I would consider SF a viable Github alternative, but the bad reputation caused by a temporary owner just seems to stick forever.


The Sourceforge UI and overall experience is still a decade or more behind the experience on GitHub and most of the other modern and maintained equivalent sites/services like Fossil, GitLab, Gitea, etc

That ancient feeling UI doesn’t win them a lot of forgiveness, if the only notable change has been “we took away the malware” and the site continues to remain stagnant, SourceForge will continue to feel very inferior to more modern alternatives.


Just goes to show how much damage you can do to a brand by betraying your users. I still won't use SourceForge, fuck them.


SF's development was also essentially stalled during that period, and the current owner has to do much more things other than (proper) management to cope with competitors. If you need a proof, compare SF with Gitea/Forgejo.


Open Source = a Microsoft property... I don't want it to be true and I will act like it isn't true for things I have influence over - i.e. it's not the first choice for hosting a repository.

Some people don't even know the difference between Git and GitHub...
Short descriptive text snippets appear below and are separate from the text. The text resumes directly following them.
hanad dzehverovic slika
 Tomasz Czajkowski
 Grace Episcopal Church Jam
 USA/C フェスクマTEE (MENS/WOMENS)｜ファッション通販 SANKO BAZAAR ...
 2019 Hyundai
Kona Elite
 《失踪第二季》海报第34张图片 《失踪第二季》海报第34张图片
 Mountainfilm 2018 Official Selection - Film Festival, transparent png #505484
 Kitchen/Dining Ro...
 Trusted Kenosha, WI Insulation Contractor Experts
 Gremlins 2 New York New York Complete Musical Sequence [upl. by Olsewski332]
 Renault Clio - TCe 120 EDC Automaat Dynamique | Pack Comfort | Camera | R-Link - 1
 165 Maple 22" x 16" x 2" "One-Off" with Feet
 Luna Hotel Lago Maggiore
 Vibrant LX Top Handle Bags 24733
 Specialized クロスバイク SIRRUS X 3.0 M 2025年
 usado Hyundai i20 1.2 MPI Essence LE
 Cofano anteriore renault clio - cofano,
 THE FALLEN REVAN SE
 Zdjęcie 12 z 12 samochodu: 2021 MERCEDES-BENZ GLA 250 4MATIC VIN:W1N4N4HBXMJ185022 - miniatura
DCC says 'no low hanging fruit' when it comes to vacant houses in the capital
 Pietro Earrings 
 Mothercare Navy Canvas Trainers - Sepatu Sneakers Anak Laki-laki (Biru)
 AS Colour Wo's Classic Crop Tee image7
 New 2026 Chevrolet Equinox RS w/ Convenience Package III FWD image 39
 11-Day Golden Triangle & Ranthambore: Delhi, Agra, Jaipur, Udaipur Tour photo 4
> Some people don't even know the difference between Git and GitHub...

I have also found this to be the case, even with engineers that have years of experience. It's both impressive and awful.


Be part of the solution, not part of the problem. You can use some other forge and keep an up-to-date github repository as a read-only front.


I don't host my own repositories on GitHub, I host a gitea instance myself.


What exactly is the problem?


Shouting under the rock, "Microsoft!"


I found Codeberg being good substitute


I will admit, I've often searched for $project_name github to get to their repositories. It shouldn't matter but it's just a force of habit now.

That said I do feel some joy when I see a project on Gitlab and am happy to contribute there, eg FDroid.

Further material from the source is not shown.